## [Aim of the exercise]
I need the records below restated word for word, without their pictures.

## [Data excerpts]
**********

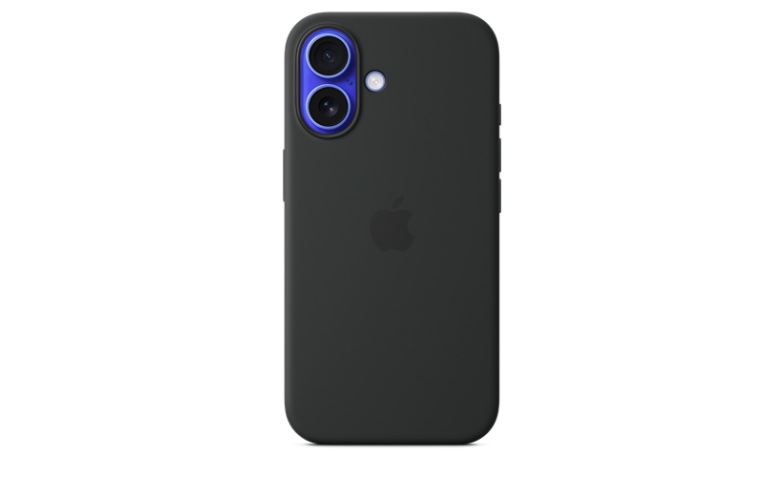Apple Silicone Case with MagSafe - For iPhone 16 - Black - MYY13ZM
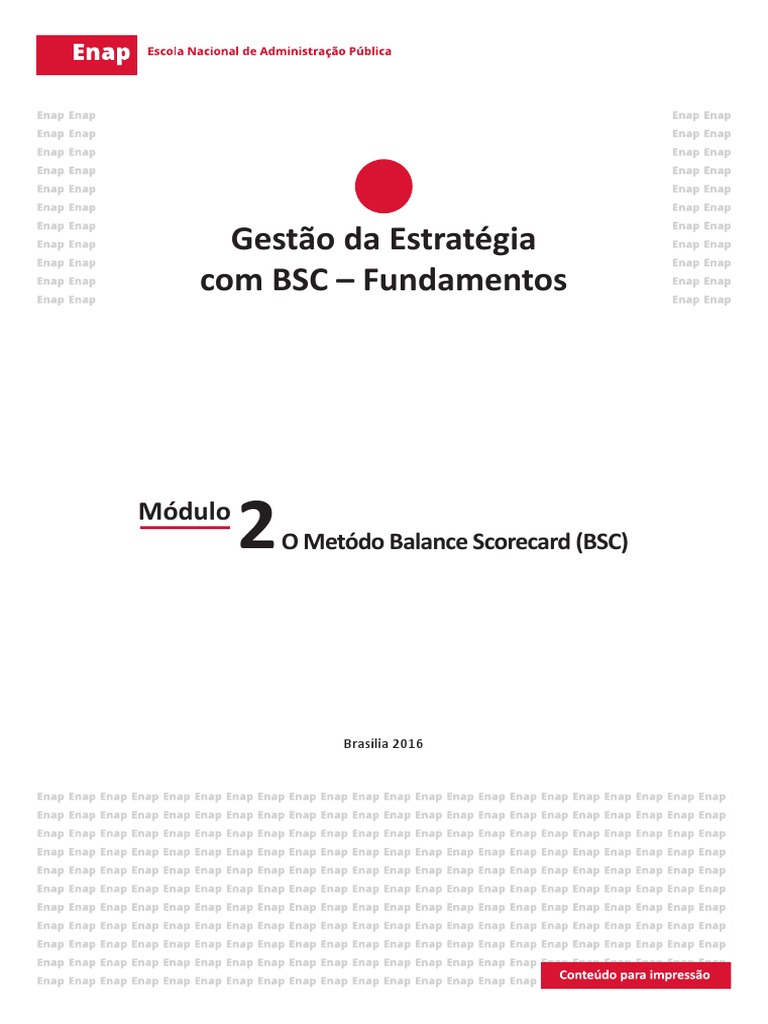 Módulo 2 GESTAO BSC O Metódo Balance Scorecard (BSC) | PDF | Business ...
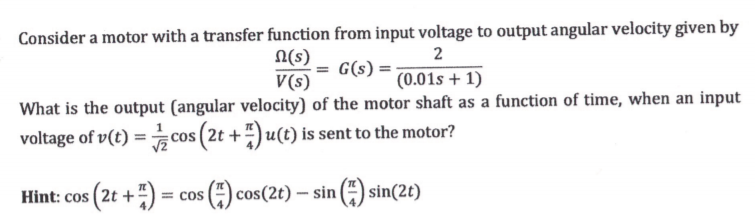 Solved Find the output time response (c(t)) of the following | Chegg.com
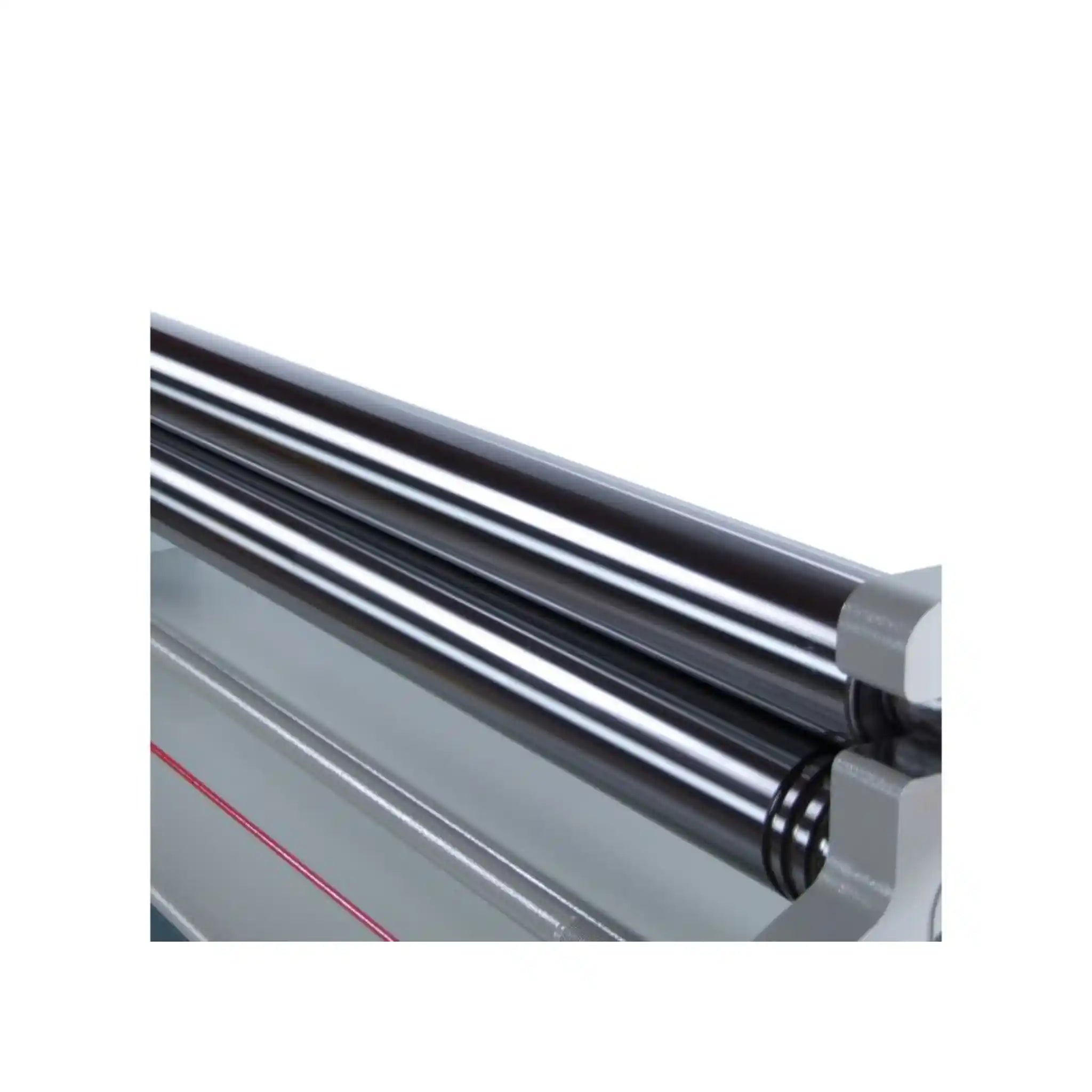 A image of the rollers installed on the Baileigh PR-413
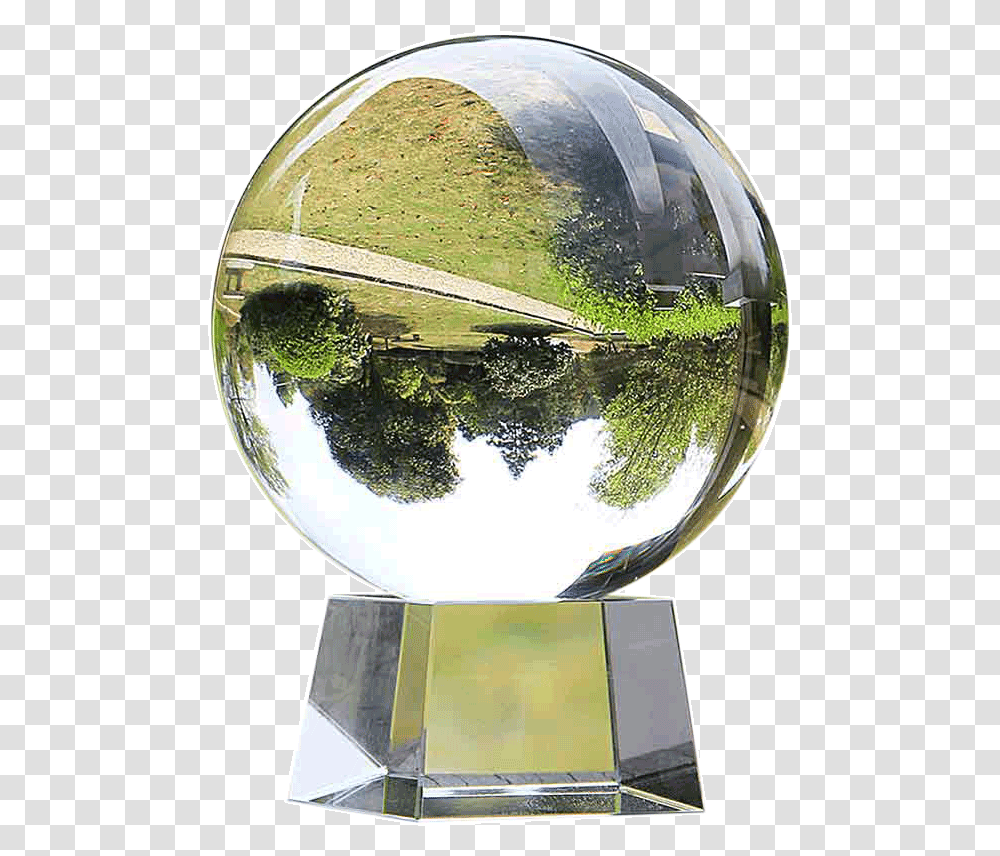 Bola De Cristal Blanco Afortunado Feng Shui Foto De Crystal Ball, Sphere, Trophy Transparent Png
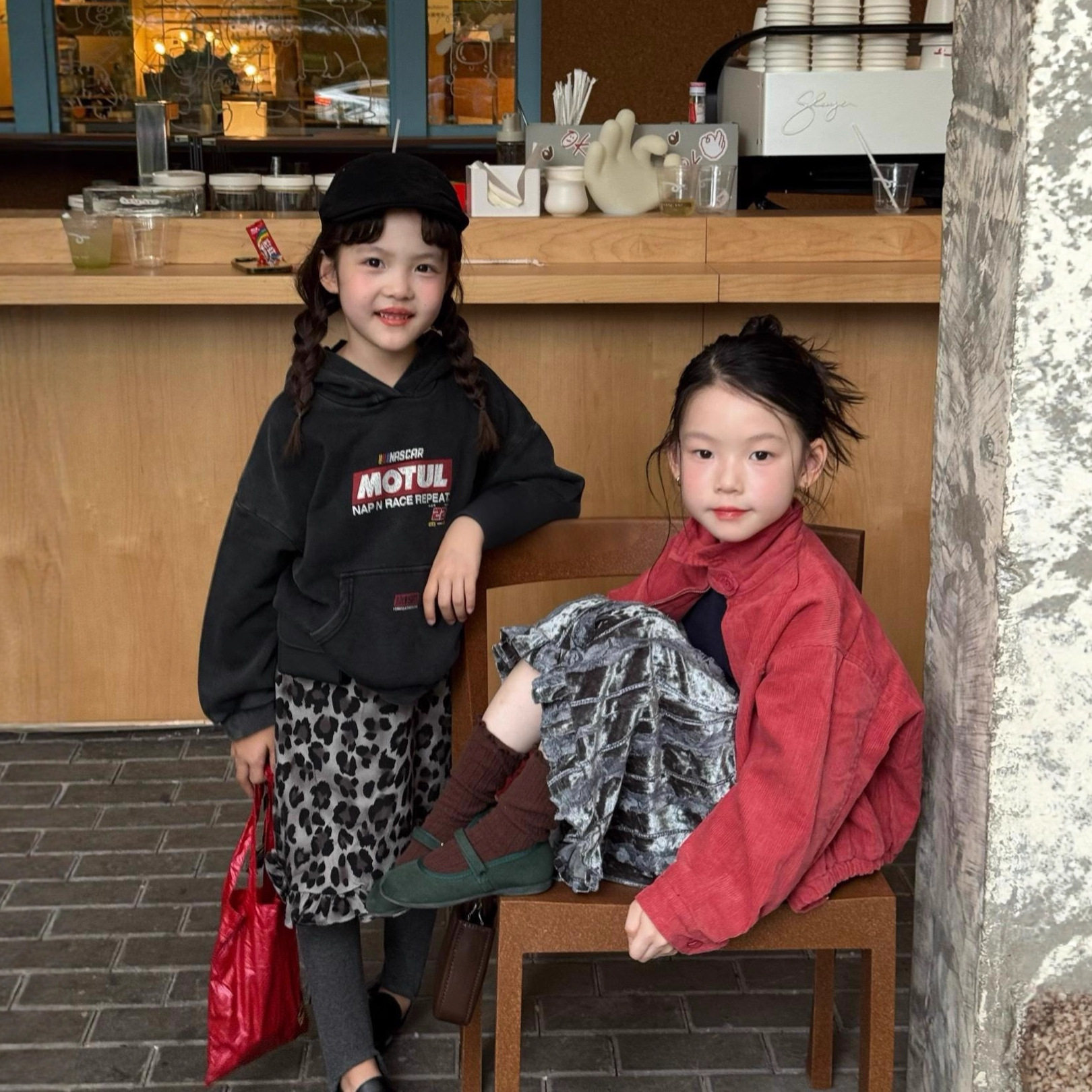 女童套装25秋季新款美式复古女孩简闲连帽卫衣女宝洋气豹纹半身裙,童装/婴儿装/亲子装,儿童运动套装,淘宝优惠券,粉丝福利购,淘宝优惠卷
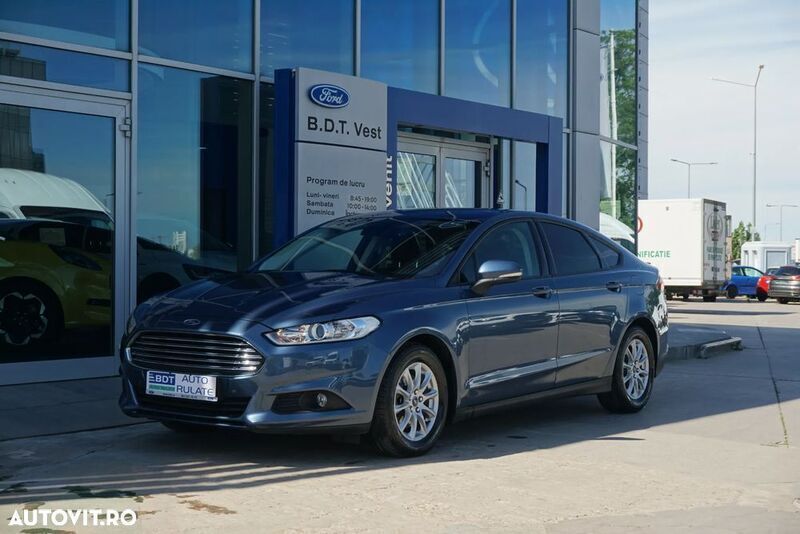 Albastru Utilizat 2018 Ford Mondeo Berlinǎ | 16.777 EUR (Scump) - Imagine 1/4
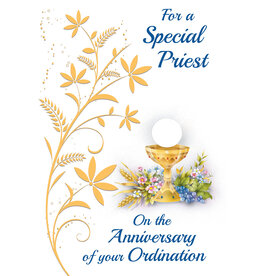 Greetings of Faith Card - Priest Ordination Anniversary, Special Priest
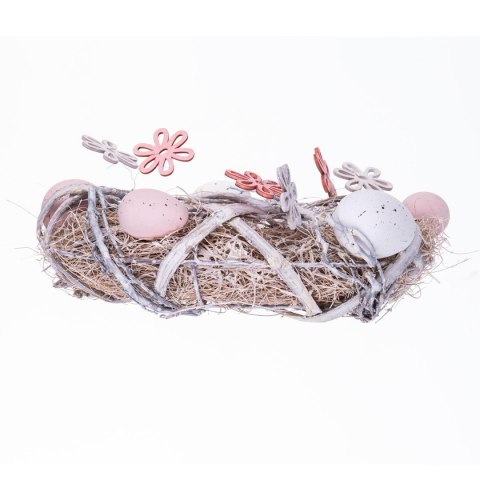 WIANEK STROIK DEKORACYJNY SZARY ŚREDNICA 24CM WIANEK STROIK DEKORACYJNY SZARY ŚREDNICA 24CM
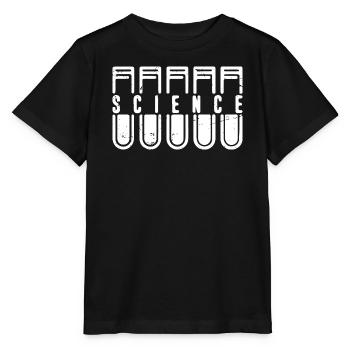 Wissenschaft - Stanley/Stella Kinder T-Shirt MINI CREATOR  - Schwarz - Vorne - Mikhail (115cm)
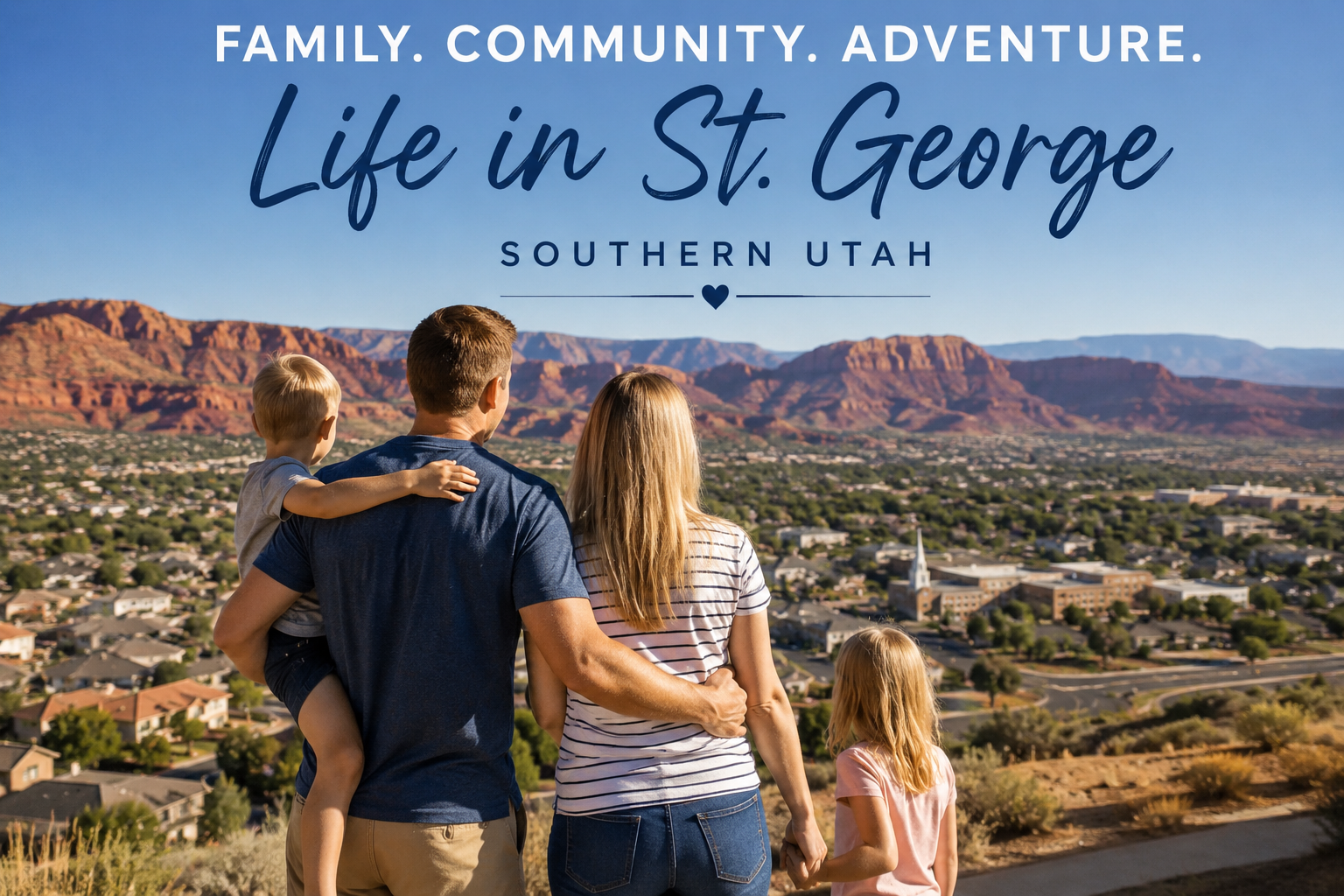 Best Place To Raise A Family Southern Utah St George Hurricane Homes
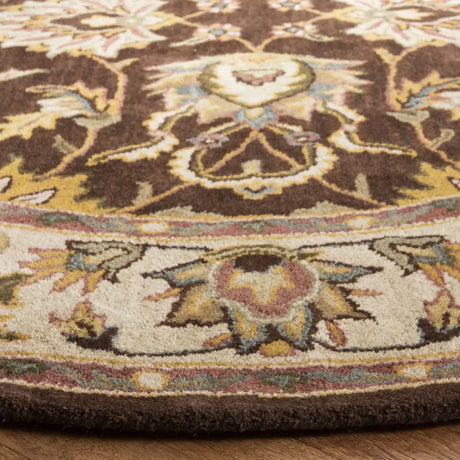 Safavieh Heritage 6'-0" x 6'-0" Rug in Brown / Ivory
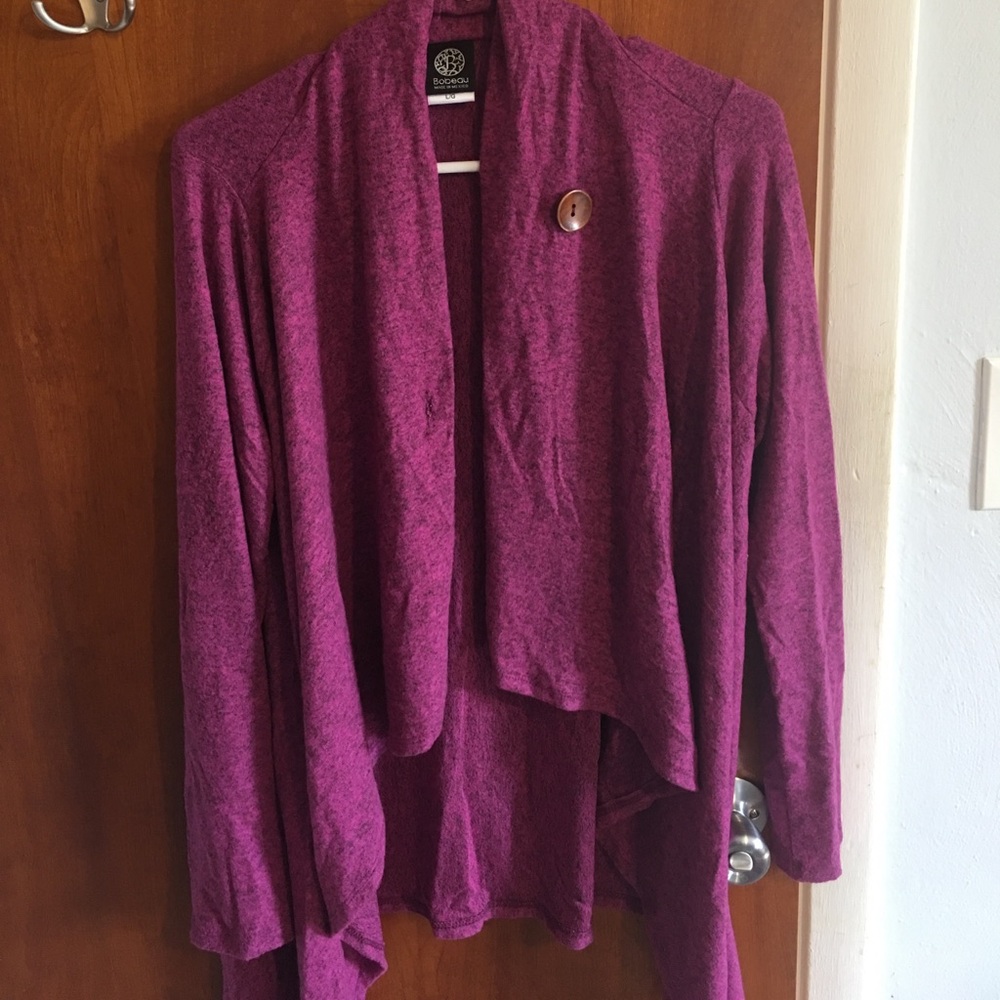 Wrap around sweater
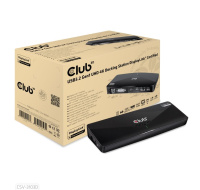 Club3D Dokovací stanice USB-A 8v1, 1xDP, 1xHDMI, 1xDVI-D, 3xUSB, 1xRJ45, 1x3.5mm, černá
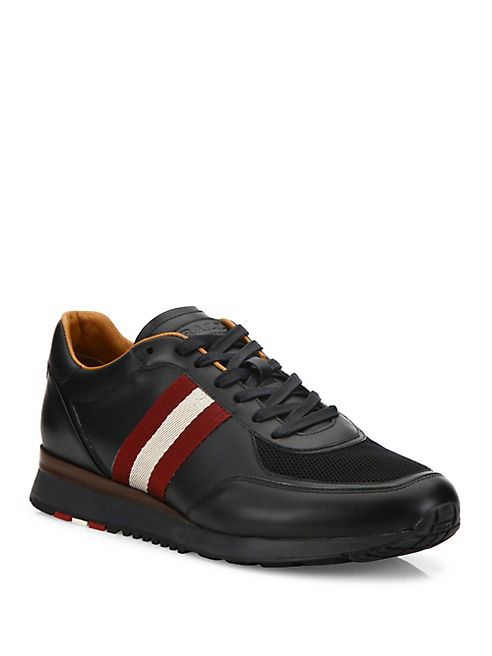 Bally - Aston   Leather Low-Top Sneakers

**********

## [Answer box]
Apple Silicone Case with MagSafe - For iPhone 16 - Black - MYY13ZM
 Módulo 2 GESTAO BSC O Metódo Balance Scorecard (BSC) | PDF | Business ...
 Solved Find the output time response (c(t)) of the following | Chegg.com
 A image of the rollers installed on the Baileigh PR-413
 Bola De Cristal Blanco Afortunado Feng Shui Foto De Crystal Ball, Sphere, Trophy Transparent Png
 女童套装25秋季新款美式复古女孩简闲连帽卫衣女宝洋气豹纹半身裙,童装/婴儿装/亲子装,儿童运动套装,淘宝优惠券,粉丝福利购,淘宝优惠卷
 Albastru Utilizat 2018 Ford Mondeo Berlinǎ | 16.777 EUR (Scump) - Imagine 1/4
 Greetings of Faith Card - Priest Ordination Anniversary, Special Priest
 WIANEK STROIK DEKORACYJNY SZARY ŚREDNICA 24CM WIANEK STROIK DEKORACYJNY SZARY ŚREDNICA 24CM
 Wissenschaft - Stanley/Stella Kinder T-Shirt MINI CREATOR  - Schwarz - Vorne - Mikhail (115cm)
 Best Place To Raise A Family Southern Utah St George Hurricane Homes
 Safavieh Heritage 6'-0" x 6'-0" Rug in Brown / Ivory
 Wrap around sweater
 Club3D Dokovací stanice USB-A 8v1, 1xDP, 1xHDMI, 1xDVI-D, 3xUSB, 1xRJ45, 1x3.5mm, černá
 Bally - Aston   Leather Low-Top Sneakers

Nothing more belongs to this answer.